Hey there, Janine! I hear you, it's incredibly perplexing when people seem to like you, yet you can't make any real social progress. Honestly I'm in the same boat, everyone seems to like and appreciate me in a general sense, but I can't seem to make an actual friend or a real connection to save my soul. Admittesly I don't actually try very much (a bit of a social hermit if I'm being honest) but I have tried, and met with about the same amount of success.
If I may ask a personal question, are you perhaps neurodivergent in any way? I'm an autist with adhd myself, and I've come to believe that's primarily what is behind my lack of social success. Neurotypical people tend to be somewhat uncomfortable when socially exposed to a divergent person for any real length of time. People like me don't quite understand the rules, you see. We do things in strange ways sometimes, ask odd questions or make weird observations. We can share a little too much, or expect others to share as readily as we do and create discomfort and pressure that we didn't even intend. I've become aware of myself doing that very thing on quite a few occasions. Hell, look at some of my posts, it's clear as day.
It doesn't mean there's anything wrong with me, I just work differently. And the people who avoid me aren't bad people, they're not, and they don't dislike me either. But there's a difference between liking someone and wanting to spend a lot of time with them.
I wish I could say I was immune to it myself, but I'm not. I have a coworker at my place of employment who I suspect to be an autist as well, but in a somewhat different manner than myself that I can't really relate to. Not all autists experience things the same way as each other. And he's a good guy! He's helpful, generally supportive, does good work. I like him as a coworker and an associate, and as a human person, I wish him only the best. But it still makes me uncomfortable to interact with him for any length of time, something about the way he interacts socially just creates this off feeling in my brain that I can't readily describe. So if he ever asked to hang out with me or wanted to have some kind of relationship beyond being coworkers, I'd probably have to say I'm good and back away. And the fact that I, someone who has experienced this reaction first-hand multiple times, can still experience it myself, just serves to emphasize that there's something going on either neurologically or within our social dynamic that is simply outside of our control.

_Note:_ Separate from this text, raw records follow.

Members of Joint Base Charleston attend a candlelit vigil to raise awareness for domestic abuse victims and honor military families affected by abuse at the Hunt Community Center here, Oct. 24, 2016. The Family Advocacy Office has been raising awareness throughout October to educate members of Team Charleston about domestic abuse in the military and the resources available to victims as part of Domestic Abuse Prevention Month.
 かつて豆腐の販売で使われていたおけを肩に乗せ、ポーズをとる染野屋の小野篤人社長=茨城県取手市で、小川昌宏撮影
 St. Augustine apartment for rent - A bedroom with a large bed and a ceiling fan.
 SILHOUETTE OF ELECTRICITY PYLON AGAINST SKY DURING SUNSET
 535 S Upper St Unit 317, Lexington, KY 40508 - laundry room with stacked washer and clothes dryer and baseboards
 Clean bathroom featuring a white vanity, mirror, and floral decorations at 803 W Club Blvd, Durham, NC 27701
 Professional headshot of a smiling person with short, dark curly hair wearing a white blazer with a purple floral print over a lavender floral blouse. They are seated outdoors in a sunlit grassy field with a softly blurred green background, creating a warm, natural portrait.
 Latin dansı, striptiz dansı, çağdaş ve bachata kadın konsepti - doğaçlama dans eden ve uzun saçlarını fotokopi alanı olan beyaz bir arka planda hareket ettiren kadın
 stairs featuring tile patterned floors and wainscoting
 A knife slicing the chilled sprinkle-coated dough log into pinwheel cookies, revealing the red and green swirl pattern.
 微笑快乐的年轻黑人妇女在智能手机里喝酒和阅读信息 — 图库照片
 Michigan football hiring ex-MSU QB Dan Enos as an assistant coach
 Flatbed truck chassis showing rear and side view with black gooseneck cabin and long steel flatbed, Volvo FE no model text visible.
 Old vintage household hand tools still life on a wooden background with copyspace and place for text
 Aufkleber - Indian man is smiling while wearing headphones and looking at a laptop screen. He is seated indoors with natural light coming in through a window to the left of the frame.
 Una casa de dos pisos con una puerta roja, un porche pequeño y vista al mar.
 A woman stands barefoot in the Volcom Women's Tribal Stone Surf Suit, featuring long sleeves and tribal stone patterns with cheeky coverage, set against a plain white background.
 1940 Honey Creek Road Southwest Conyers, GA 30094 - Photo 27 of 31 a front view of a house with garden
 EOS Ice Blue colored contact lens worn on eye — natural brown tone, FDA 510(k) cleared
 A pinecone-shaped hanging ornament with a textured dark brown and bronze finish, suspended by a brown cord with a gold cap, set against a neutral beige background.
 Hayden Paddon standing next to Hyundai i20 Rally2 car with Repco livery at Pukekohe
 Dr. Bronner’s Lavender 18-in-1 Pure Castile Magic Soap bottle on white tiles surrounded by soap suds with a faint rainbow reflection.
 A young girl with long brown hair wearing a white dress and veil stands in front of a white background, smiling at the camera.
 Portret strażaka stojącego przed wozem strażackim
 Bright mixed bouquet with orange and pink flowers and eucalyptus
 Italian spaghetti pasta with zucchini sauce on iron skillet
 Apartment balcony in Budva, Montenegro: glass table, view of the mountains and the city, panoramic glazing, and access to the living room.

I don't know that this is the case with you. I don't know your experience or your history, so it is entirely possible that none of this applies. But based on how you describe it, I struggle to think of any other explanation for why people would seem to be friendly under normal conditions but not really want to associate personally. And if it is true, it doesn't mean that they don't like you or are only pretending. It just means that you don't mesh well in your social interactions, and you might need to find someone who's a little more like you and can relate to you on your level.